10

Answers provided have all been great, I mentioned in the comments of Alnitak's answer that I would need to go take a look at my CSV Generation script because for whatever reason it wasn't outputting UTF-8.

As was correctly pointed out, it WAS outputting UTF-8 - the problem existed with Ye Olde Microsoft Excel which wasn't picking up the encoding the way I would have liked.
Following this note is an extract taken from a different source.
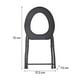 thumbnail image 4 of Silla Asiento Plegable Portatil Para Wc, 4 of 4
My existing CSV generation looked something like:

// Create file and exit;
$filename = $file."_".date("Y-m-d_H-i",time());
header("Content-type: application/vnd.ms-excel");
header("Content-disposition: csv" . date("Y-m-d") . ".csv");
header( "Content-disposition: filename=".$filename.".csv");
echo $csv_output;

It now looks like:

// Create file and exit;
$filename = $file."_".date("Y-m-d_H-i",time());
header("Content-type: text/csv; charset=ISO-8859-1");
header("Content-disposition: csv" . date("Y-m-d") . ".csv");
header("Content-disposition: filename=".$filename.".csv");

echo iconv('UTF-8', 'ISO-8859-1', $csv_output);

-------------------------------------------------------

ORIGINAL QUESTION

Hi,

I've got a form which collects data, form works ok but I've just noticed that if someone types or uses a '£' symbol, the MySQL DB ends up with '£'.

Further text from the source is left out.